Poursuivre le cycle pour avancer

Hong Kong a de nombreux visages, notamment dans les mains de Soi Cheang. Le réalisateur poursuit ce qu’il a entrepris dans Mad Fate en mettant le destin au centre de son œuvre, bien qu’ici il traite de son aspect cyclique. CITY OF DARKNESS n’est fait que de symboles et d’événements qui se répètent. Cela peut donner la sensation que les personnages subissent leur destin, toutefois c’est tout l’inverse qui se produit. Chan Lok-kwan, le protagoniste, a toujours vécu entouré de barreau, que ce soit au milieu de la mer, dans les rues de Hong Kong ou dans la citadelle. Il est au centre d’un nombre incalculable de surcadrage, notamment pour marquer son enfermement. La première confrontation avec Cyclone est très représentative de cela, le champ / contrechamp étant cinglant sur sa condition. Le fait est qu’il ne fait pas un avec Kowloon, lui qui vient d’y entrer. Il regarde l’avion d’en bas, il dort au-dessus des immeubles… il n’est pas intégré. Ce n’est qu’avec le temps qu’il va se fondre avec la citadelle, les surcadrages soulignant cette fois-ci son appartenance. Ce qui va changer la donne, comme l’indique Cyclone, ce sont les habitants. En effet, bien que Chan Lok-kwan se retrouve de nouveau au milieu de barreaux, l’intérêt n’est plus celui de s’en défaire, mais de s’y sentir comme chez soi. Ce sera le cas pour le personnage grâce au groupe d’amis qu’il s’est créé. Reprenant le flambeau de Cyclone, ils vont ensemble devenir une lumière dans l’obscurité, un trait blanc dans une mer noire. Néanmoins, ils ne font pas que tourner dans leur cage.

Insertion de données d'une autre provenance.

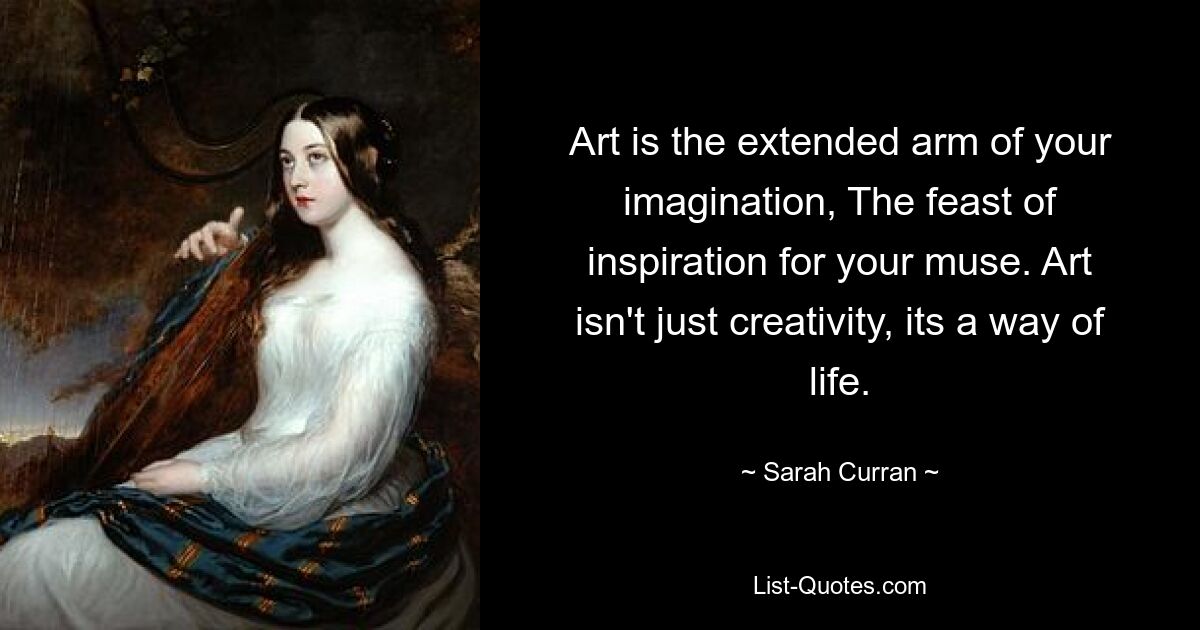 Art is the extended arm of your imagination, The feast of inspiration for your muse. Art isn't just creativity, its a way of life. — © Sarah Curran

Les événements reviennent, mais changent pour le mieux, à l’instar du parcours de Dik Chau qui est identique en tout point à son passé, hormis la fin. Chaque jeune reprend alors le rôle d’un autre et ce pour le mieux. Le métrage se conclut ainsi au même niveau que l’avion que le protagoniste contemplait d’en bas. Le cadre ne s’ouvre toujours pas malgré cette hauteur, cependant la liberté est atteinte.

L’âge d’or du cinéma hongkongais est révolu depuis bien longtemps. Avec CITY OF DARKNESS, Soi Cheang le fait revivre l’espace d’un instant en faisant revenir en prime quelques gloires de ce passé. Ces images procurent une jouissance unique à laquelle le réalisateur ajoute une teinte de mélancolie. Nous ne pouvons cependant pas être tristes face à ce spectacle. Ce Hong Kong était sublime et il continue de l’être grâce à Soi Cheang qui confirme au fil des films être le digne héritier de cette période dorée.